## ABOUT THIS EXERCISE:
Search the listing below for the word "home" and copy each line that holds it.

## STUDY MATERIAL:
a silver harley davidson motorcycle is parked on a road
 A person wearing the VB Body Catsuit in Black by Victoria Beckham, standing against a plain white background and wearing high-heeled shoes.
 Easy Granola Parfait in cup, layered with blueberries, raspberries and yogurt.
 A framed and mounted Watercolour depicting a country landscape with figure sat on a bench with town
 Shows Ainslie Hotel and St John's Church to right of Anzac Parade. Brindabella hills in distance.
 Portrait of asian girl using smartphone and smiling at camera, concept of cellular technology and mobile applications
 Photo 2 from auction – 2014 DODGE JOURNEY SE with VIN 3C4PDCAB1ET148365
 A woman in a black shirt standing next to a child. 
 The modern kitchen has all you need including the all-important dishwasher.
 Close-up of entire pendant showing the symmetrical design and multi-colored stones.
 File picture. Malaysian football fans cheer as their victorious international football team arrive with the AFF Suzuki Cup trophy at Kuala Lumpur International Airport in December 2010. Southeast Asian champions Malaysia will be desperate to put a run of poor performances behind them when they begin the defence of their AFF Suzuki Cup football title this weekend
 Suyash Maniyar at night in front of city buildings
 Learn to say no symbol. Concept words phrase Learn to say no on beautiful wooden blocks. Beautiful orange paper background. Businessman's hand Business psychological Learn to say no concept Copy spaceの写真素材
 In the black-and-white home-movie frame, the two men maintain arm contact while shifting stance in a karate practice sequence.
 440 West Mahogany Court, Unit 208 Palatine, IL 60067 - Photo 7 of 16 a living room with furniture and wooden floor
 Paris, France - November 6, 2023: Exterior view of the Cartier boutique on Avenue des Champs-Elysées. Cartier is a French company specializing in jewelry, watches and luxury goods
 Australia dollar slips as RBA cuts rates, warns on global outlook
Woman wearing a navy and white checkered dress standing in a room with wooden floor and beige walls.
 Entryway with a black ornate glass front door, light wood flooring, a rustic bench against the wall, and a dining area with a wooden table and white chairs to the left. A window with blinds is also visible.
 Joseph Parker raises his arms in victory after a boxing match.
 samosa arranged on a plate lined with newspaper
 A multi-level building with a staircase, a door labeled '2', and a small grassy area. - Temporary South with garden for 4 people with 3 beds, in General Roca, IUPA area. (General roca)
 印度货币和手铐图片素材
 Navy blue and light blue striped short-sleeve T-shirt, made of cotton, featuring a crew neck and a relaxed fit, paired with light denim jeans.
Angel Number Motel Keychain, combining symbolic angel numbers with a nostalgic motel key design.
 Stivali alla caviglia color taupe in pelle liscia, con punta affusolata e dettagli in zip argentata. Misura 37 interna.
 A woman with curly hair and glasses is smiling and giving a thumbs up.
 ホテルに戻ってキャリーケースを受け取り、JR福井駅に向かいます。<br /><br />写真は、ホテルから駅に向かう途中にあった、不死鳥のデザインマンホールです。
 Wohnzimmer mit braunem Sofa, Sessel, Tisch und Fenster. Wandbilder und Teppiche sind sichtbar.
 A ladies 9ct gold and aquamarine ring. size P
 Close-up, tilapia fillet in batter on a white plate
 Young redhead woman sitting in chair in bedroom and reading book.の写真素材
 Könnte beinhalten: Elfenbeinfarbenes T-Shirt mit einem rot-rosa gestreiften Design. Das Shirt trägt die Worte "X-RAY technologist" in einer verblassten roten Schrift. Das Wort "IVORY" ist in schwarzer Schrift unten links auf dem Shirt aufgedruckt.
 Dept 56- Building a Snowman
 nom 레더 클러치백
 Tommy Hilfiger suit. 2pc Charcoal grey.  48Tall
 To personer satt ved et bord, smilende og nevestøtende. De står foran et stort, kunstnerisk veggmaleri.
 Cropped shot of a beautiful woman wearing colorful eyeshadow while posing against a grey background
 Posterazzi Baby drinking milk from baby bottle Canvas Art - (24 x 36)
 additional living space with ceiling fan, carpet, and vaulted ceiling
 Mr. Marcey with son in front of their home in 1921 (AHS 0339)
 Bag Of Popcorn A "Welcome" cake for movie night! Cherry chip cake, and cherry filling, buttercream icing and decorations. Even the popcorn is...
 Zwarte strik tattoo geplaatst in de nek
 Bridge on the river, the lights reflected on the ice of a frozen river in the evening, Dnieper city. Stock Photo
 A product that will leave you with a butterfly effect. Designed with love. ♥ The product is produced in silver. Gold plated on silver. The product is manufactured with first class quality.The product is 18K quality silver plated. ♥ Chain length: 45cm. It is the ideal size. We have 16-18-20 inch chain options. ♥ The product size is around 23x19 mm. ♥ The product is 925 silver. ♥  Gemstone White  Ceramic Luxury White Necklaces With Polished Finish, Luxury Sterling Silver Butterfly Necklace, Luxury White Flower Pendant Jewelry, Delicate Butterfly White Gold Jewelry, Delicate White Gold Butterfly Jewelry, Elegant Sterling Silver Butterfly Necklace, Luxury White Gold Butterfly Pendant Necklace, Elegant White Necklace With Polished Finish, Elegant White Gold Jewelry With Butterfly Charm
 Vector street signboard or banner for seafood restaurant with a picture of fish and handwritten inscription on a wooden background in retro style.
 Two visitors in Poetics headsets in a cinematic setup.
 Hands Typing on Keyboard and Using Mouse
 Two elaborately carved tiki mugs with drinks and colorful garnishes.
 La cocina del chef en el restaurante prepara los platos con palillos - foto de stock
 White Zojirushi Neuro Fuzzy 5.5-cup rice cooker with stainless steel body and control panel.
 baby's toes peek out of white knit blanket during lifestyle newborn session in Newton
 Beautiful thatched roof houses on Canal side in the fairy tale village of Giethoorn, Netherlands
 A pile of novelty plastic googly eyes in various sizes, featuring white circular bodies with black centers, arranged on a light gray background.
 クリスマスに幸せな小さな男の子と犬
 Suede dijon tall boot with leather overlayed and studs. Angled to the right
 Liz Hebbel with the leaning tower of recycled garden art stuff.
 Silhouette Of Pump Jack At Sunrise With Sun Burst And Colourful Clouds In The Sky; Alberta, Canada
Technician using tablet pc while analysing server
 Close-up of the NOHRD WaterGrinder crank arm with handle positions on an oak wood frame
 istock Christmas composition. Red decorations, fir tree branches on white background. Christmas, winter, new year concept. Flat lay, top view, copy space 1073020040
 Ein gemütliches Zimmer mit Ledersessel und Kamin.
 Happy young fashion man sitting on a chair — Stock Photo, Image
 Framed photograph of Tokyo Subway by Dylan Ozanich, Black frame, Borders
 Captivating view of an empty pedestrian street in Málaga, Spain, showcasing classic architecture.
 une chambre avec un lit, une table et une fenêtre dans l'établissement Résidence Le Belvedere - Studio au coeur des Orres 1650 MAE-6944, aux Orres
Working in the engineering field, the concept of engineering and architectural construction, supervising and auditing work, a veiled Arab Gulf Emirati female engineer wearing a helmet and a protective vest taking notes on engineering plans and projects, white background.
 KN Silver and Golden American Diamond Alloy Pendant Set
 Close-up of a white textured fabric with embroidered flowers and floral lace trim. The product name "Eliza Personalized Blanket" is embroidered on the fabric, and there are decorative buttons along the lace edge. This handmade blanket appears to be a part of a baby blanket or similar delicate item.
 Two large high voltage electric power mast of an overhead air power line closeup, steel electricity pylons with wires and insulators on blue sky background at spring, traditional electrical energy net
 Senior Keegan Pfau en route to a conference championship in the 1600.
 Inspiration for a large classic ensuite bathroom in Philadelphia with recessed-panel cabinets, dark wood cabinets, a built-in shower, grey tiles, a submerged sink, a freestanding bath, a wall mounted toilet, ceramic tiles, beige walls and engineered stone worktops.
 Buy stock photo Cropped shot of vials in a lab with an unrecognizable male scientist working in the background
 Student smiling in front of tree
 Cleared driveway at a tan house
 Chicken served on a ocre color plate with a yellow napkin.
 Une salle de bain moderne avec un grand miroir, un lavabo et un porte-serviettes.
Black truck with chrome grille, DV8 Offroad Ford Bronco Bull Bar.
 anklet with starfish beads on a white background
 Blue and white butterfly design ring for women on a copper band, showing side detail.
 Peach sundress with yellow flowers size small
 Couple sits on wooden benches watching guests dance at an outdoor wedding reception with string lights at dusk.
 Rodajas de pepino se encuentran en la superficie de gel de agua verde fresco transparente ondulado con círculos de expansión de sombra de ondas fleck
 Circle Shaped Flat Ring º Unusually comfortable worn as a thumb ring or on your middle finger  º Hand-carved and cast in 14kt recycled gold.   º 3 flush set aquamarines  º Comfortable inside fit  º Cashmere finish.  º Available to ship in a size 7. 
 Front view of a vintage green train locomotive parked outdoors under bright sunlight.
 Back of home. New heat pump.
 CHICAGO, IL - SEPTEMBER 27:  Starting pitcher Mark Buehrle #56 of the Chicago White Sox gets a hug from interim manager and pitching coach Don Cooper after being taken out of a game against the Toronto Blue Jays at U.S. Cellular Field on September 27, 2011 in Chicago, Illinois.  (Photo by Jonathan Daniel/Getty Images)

## RESPONSE:
 In the black-and-white home-movie frame, the two men maintain arm contact while shifting stance in a karate practice sequence.
 Mr. Marcey with son in front of their home in 1921 (AHS 0339)
 Back of home. New heat pump.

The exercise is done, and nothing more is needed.